Wisconsin man went from feeling breathless to getting a lung transplant in seven days
If Bill Sanders is on a treadmill and sees that the person next to him is running 6 mph, he will bump his own speed up to 6.4. Sanders describes himself as athletic and competitive, so when he suddenly found himself breathless from walking his dog, he knew something was wrong.
In October 2023, Sanders went from a doctor visit in Chilton, Wisconsin, to an emergency room. Suspecting a heart problem, the doctors referred Sanders to see a cardiologist. It turned out that his heart was fine, but the coughing and breathlessness continued to worsen. A couple weeks later, Sanders was back in the emergency room – this time in Appleton, Wisconsin. His diagnosis was interstitial lung disease. The only cure was a lung transplant.
A doctor from the hospital in Appleton called the lung transplant team at M Health Fairview.
“He was about to go on a breathing machine and probably pass away,” said Anupam Kumar, MD, FCCP, lung transplantation director at M Health Fairview and an associate professor at the University of Minnesota Medical School.
“The next thing I knew, they flew me to Minnesota,” Sanders said. “I know they called my son and said, ‘anything you want to say to your dad, you should say it now.’”
Sanders doesn’t remember much after that until he woke up in a hospital room with his wife, son, brother, and niece nearby. “Then a nurse came in and said she was going to take my oxygen and I said, ‘no you can’t.
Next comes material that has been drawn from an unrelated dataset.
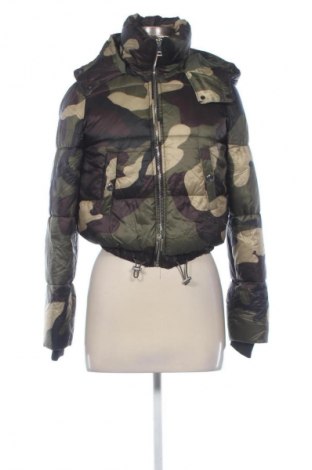 Дамско яке Bershka, Размер XS, Цвят Многоцветен, Цена 22,49 €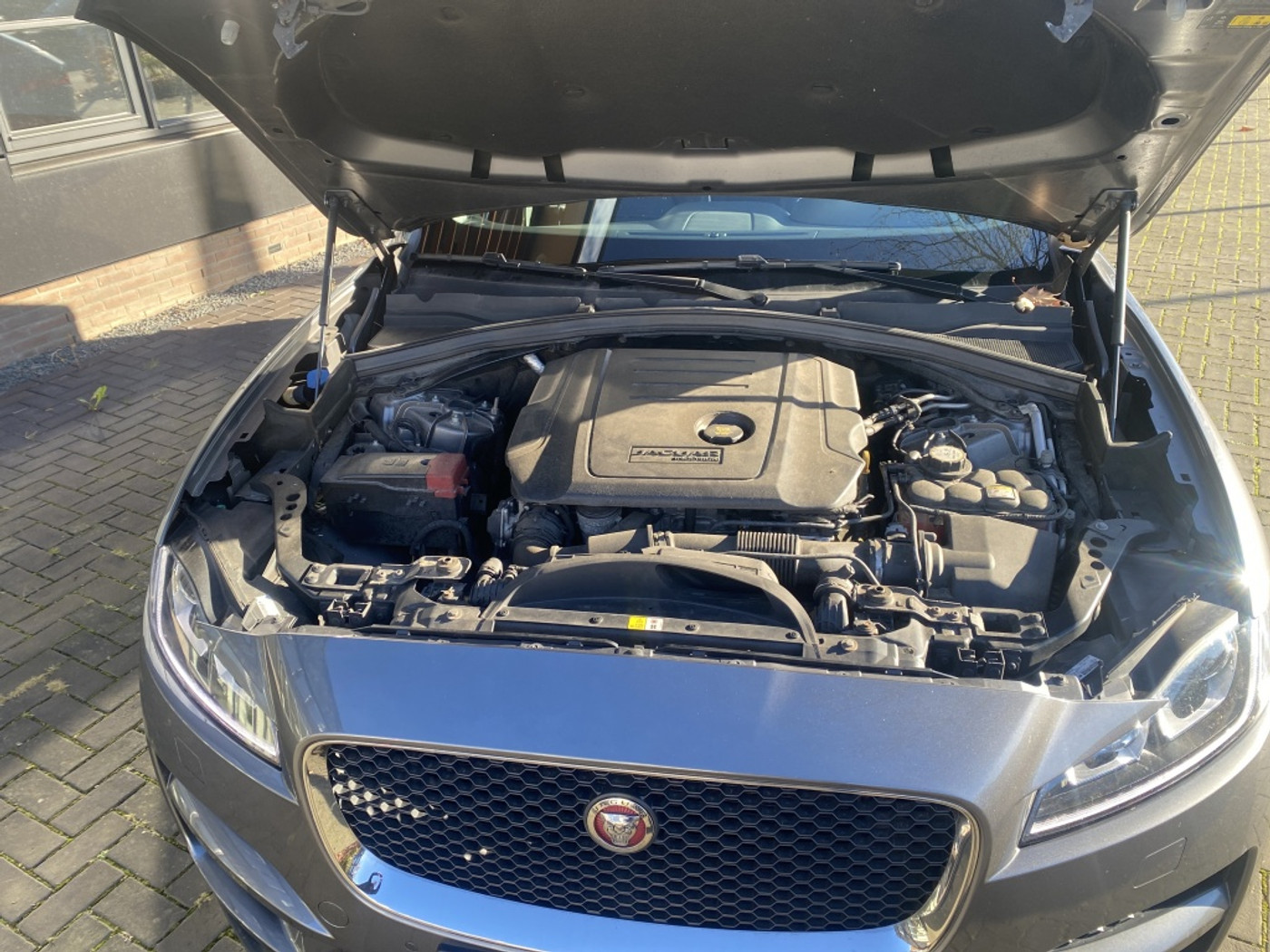 Foto van Jaguar Jaguar F-pace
I can’t breathe without it,’” Sanders said.
That’s when Kristi, his wife, gave him the news: He had a lung transplant.
It all came together quickly.
A combination of good luck and getting to the right hospital took Sanders, 68, from considering signing do-not-resuscitate paperwork to breathing easy in only a week.
Sanders’ lungs had extensive scarring from interstitial lung disease, Kumar said. “For patients who experience acute exacerbation of interstitial lung disease, only about half are alive three months later.”
The lung transplant team at M Health Fairview acted quickly to complete the necessary tests to get Sanders, who was otherwise in good health, on the lung transplant list.
“All the while, he was very close to cardiac arrest and death,” Kumar said. “Ultimately he required ventilator support but fortunately we got appropriate donor lungs in time and we were able to perform lung transplant surgery.”
It all happened so fast that his wife, Kristi, barely had time to pack for a two- or three-month stay and find care for their two dogs before driving to Minneapolis.
“Once we know that someone needs help, everybody just comes together and does their part and that's why I think that timeline of finishing all the evaluation in three to four days is so critical,” Kumar said. “We have a wonderful team that is experienced enough to do it.”